ASSIGNMENT
Would you please output only the lines from the one containing "Bergeronnette des ruisseaux" through the end of the entries below, exactly as written?

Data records
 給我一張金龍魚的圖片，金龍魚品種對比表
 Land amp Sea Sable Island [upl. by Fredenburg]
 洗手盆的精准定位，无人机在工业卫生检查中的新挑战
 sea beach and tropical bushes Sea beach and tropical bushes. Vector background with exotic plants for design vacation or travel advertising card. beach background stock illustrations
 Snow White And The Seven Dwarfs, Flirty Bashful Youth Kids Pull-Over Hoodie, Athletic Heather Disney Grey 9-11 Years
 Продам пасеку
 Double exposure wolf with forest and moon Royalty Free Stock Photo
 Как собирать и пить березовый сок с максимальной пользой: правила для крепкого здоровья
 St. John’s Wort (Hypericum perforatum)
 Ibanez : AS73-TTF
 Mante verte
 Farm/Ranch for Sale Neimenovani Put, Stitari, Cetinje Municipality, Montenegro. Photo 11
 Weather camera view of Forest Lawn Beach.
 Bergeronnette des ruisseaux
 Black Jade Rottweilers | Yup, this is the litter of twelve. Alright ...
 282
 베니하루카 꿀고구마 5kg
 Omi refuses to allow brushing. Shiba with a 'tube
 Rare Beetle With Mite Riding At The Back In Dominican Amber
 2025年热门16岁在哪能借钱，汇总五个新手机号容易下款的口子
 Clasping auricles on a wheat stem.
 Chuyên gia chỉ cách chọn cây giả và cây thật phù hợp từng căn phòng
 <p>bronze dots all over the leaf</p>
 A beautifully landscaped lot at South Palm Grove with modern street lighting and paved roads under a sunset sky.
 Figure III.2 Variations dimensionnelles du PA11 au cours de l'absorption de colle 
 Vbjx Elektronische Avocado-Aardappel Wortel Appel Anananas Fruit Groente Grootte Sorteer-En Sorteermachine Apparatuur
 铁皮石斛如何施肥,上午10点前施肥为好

ANSWER SECTION
 Bergeronnette des ruisseaux
 Black Jade Rottweilers | Yup, this is the litter of twelve. Alright ...
 282
 베니하루카 꿀고구마 5kg
 Omi refuses to allow brushing. Shiba with a 'tube
 Rare Beetle With Mite Riding At The Back In Dominican Amber
 2025年热门16岁在哪能借钱，汇总五个新手机号容易下款的口子
 Clasping auricles on a wheat stem.
 Chuyên gia chỉ cách chọn cây giả và cây thật phù hợp từng căn phòng
 <p>bronze dots all over the leaf</p>
 A beautifully landscaped lot at South Palm Grove with modern street lighting and paved roads under a sunset sky.
 Figure III.2 Variations dimensionnelles du PA11 au cours de l'absorption de colle 
 Vbjx Elektronische Avocado-Aardappel Wortel Appel Anananas Fruit Groente Grootte Sorteer-En Sorteermachine Apparatuur
 铁皮石斛如何施肥,上午10点前施肥为好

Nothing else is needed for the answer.